Gimm-Young Publishers, Inc. is a South Korean publishing company headquartered in Seoul. It was established in 1979. Over the years it has published a number of best-selling original works, including the manhwa series The Warrior Who Did Not Fall from His Horse.

It is also responsible for the Korean-language translations of a number of major foreign works, including Samuel P. Huntington's Clash of Civilizations, Michael J. Sandel's Justice: What's the Right Thing to Do?, and Richard Dawkins' The God Delusion. The company publishes approximately 250 books every year and has published over 3,000 books to date.

In 1994, Gimm-Young started its hit 'edutainment' (entertainment-education) publications which have provided children, young adults, and adults with educational resources of a new concept. The Ah! Series is an example of one of its more popular 'edutainment' titles.

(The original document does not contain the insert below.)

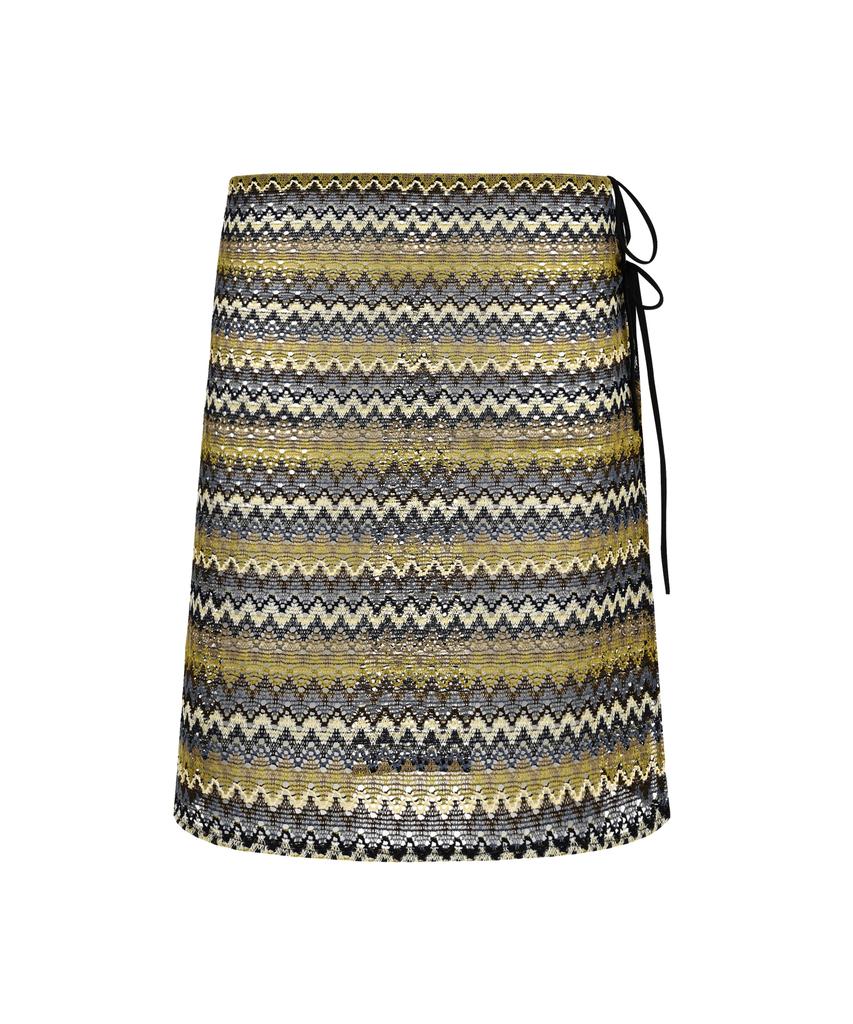 Siest Ethnic Long Wrap Skirt Brown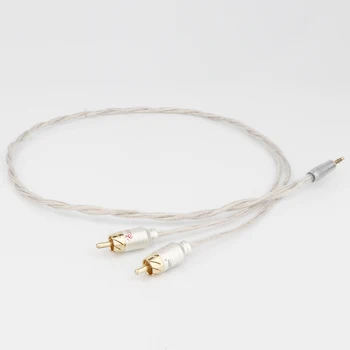 HiFi AUX вход 3.5 мм до 2 RCA Аудио Кабел-сплитер от RCA мъжки към мъжа Кабел 2RCA динамиката на 1 м 2 м 3 м Ракита обвивка на MP3 аудио кабел С 2 RCA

In 2007, it faced controversy after the Simon Wiesenthal Center made accusations that Distant Countries and Neighbouring Countries, a comic book series published by the company, contained antisemitic statements. Korean American community leaders organized protests of the company, and series author Rhie Won-bok sent a letter of apology to the Korean American Coalition in Los Angeles. CEO Park Eun-Ju apologized on behalf of the company and offered to withdraw anti-semitic images and accusations from future printings of this publication.

"We deeply regret and apologize to all those who were hurt by these images and we commit to working with the Simon Wiesenthal Center to educate the Korean people about the threat of antisemitism and the history and true values of the Jewish people."

Park has received numerous awards over the years including an award from the South Korean Ministry of Culture, Sports and Tourism in 1993, the Korea Publishers Society's Publisher of the Year Award in 2004, and a Korean Publishing Science Society award in 2013. As of 2013, she holds the position of President of the Korea Publishers Society.